Treatment of mice with multiple topical applications of 12-O-tetradecanoylphorbol-13-acetate (TPA) or diacylglycerol resulted in a preferential decrease in epidermal protein kinase C-beta(2) (PKC-beta(2)) compared with PKC-alpha as determined by western analysis. When PKC-alpha was decreased by 40%, PKC-beta(2) could no longer be detected, suggesting that PKC-beta(2) is more sensitive to downregulation, and/or specific epidermal cell types that contain PKC-beta(2) are more sensitive to TPA/diacylglycerol.

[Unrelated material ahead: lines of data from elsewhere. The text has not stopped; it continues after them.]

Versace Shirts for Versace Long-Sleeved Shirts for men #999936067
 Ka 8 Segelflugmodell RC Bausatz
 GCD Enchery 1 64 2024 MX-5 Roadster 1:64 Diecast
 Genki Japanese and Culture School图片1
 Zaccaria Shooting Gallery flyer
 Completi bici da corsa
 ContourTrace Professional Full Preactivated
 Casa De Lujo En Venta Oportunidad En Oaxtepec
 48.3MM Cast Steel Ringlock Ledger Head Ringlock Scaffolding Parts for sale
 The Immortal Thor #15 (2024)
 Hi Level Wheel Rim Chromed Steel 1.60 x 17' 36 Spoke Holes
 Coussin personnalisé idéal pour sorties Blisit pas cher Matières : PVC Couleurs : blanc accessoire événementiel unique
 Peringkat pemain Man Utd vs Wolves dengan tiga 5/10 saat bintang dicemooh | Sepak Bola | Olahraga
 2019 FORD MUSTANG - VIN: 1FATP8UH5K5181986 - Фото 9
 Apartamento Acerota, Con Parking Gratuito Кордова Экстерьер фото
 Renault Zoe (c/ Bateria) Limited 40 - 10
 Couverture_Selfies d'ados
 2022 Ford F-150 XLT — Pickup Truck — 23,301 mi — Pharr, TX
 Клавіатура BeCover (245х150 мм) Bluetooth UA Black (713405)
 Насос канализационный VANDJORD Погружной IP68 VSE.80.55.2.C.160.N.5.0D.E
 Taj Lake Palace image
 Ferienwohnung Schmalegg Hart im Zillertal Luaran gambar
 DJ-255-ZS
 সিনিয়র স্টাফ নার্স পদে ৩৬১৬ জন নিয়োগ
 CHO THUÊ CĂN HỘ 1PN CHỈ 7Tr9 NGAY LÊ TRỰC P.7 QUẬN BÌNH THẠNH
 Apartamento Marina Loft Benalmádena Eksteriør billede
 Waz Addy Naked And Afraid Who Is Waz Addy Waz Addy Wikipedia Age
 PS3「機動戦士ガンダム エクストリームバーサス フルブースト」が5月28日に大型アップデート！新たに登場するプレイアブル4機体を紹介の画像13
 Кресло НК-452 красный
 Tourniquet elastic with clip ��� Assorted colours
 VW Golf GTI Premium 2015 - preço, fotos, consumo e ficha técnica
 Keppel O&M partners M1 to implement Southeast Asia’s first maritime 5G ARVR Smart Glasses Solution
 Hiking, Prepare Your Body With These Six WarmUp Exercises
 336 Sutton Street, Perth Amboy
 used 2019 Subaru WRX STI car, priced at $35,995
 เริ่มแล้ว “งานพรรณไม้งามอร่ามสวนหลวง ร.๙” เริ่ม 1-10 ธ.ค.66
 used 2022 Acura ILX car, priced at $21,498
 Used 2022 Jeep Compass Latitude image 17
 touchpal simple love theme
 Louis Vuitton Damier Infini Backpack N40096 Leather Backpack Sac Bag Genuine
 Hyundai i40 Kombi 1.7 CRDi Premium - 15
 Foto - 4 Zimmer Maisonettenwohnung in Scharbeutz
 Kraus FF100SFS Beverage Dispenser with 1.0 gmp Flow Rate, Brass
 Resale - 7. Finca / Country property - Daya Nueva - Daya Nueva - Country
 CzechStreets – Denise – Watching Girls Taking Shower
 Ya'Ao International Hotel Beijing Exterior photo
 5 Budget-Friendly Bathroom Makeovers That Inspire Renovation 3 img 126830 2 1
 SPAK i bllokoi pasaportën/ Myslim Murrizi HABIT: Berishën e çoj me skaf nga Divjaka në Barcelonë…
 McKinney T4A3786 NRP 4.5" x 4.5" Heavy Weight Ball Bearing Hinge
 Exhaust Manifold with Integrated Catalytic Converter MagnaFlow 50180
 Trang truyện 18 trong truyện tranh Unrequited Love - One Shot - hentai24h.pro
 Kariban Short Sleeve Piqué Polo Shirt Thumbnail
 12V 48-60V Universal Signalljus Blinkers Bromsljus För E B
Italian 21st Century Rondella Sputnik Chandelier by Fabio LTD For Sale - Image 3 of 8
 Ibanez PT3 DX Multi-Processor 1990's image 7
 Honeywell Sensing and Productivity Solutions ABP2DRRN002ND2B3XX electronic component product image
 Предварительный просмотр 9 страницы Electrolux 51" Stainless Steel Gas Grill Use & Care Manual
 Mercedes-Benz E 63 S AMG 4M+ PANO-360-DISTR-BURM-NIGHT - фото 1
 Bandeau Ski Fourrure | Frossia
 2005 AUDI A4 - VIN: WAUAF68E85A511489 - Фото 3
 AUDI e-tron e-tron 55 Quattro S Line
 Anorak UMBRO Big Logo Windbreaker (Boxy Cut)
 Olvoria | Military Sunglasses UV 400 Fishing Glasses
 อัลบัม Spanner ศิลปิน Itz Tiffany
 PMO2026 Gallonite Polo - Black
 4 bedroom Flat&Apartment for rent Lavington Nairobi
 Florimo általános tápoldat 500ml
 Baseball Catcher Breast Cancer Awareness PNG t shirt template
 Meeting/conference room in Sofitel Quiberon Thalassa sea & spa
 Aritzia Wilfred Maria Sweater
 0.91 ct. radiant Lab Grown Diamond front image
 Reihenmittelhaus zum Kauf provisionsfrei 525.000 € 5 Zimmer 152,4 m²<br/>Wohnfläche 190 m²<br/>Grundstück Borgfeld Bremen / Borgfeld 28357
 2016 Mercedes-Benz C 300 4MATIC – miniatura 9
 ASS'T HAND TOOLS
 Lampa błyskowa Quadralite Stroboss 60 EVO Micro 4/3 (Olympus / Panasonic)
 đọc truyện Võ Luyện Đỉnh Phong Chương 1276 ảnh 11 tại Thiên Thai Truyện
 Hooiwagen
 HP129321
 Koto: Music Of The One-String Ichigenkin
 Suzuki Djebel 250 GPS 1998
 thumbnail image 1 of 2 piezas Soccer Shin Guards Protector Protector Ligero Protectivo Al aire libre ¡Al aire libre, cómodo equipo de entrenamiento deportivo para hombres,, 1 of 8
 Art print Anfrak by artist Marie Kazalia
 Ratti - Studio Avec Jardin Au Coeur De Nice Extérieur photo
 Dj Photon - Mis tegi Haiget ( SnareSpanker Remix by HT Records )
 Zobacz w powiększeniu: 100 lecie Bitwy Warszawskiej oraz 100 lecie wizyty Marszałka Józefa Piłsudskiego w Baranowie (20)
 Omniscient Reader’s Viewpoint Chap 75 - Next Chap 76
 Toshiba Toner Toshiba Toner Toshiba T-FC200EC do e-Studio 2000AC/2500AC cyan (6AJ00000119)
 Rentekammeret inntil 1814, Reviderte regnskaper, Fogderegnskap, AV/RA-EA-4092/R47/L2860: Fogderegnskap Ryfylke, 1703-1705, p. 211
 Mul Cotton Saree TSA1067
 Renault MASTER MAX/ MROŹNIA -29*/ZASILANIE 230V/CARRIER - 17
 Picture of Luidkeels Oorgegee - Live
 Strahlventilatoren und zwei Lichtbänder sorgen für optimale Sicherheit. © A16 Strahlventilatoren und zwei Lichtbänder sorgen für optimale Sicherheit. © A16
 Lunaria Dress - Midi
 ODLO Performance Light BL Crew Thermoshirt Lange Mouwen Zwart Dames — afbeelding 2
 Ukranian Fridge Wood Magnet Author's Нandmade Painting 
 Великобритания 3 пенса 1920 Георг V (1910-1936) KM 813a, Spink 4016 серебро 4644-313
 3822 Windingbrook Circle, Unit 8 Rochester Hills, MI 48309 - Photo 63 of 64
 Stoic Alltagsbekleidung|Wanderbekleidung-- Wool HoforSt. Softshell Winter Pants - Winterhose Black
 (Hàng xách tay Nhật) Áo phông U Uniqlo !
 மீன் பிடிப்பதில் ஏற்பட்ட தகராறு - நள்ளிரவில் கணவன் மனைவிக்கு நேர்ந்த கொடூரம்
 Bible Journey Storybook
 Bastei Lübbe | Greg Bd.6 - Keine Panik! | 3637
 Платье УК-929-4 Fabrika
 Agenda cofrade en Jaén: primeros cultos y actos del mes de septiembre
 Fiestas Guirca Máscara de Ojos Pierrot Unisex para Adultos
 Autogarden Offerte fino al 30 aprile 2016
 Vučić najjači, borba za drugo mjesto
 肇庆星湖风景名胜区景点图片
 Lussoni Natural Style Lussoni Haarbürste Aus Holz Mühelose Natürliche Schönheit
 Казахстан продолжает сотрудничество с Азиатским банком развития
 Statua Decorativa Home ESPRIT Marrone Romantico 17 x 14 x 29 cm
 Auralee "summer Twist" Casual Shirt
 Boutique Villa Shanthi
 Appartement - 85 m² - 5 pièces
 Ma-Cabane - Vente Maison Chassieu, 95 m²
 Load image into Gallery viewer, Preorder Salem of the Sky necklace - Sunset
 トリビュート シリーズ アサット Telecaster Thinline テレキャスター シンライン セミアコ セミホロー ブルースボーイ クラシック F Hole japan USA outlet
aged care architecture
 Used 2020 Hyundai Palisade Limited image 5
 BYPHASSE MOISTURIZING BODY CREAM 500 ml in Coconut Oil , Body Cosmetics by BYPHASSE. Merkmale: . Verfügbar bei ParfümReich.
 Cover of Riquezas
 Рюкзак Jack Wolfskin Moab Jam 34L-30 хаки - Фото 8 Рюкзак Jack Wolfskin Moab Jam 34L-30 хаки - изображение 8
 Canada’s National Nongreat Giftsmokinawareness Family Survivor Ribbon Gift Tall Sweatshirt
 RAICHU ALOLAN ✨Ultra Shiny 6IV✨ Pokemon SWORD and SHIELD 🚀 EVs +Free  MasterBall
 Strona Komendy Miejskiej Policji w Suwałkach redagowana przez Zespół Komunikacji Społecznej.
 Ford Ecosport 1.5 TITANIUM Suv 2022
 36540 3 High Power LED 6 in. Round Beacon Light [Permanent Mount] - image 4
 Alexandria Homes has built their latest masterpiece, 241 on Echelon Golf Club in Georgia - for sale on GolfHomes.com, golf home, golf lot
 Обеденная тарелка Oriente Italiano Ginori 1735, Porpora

To address this issue, we isolated Langerhans cells (LCs) from epidermal cell suspensions with immunomagnetic beads and an antibody to the class II major histocompatibility complex, Northern blot analysis revealed a PKC-beta(2) signal in isolated LCs that was 40-fold greater than that observed in unfractionated epidermal cells, and no PKC-beta(2) signal was detected in epidermal cells depleted of LCs, indicating that PKC-beta(2) is expressed exclusively in LCs within the epidermis. Western blot analysis confirmed the presence of PKC-beta(2) in LCs, PKC-beta(2), was highly sensitive to downregulation, because a single application of TPA resulted in a 90% loss of PKC-beta(2) within 6 h without a decrease in the number of LCs, To determine whether the decreased level of PKC-beta(2) within LCs was associated with an alteration in contact hypersensitivity, we treated mice with only a single application of TPA, and 6 hours later mice were sensitized with 2,4-dinitrofluorobenzene on the same dorsal area. Subsequent challenge revealed a 60% decrease in contact hypersensitivity in TPA-treated mice, These data indicate that (i) within the epidermis, PKC-beta(2) is highly sensitive to downregulation and is exclusively expressed in LCs, and (ii) the downregulation of PKC-beta(2) is associated with impaired LC function with respect to contact hypersensitivity.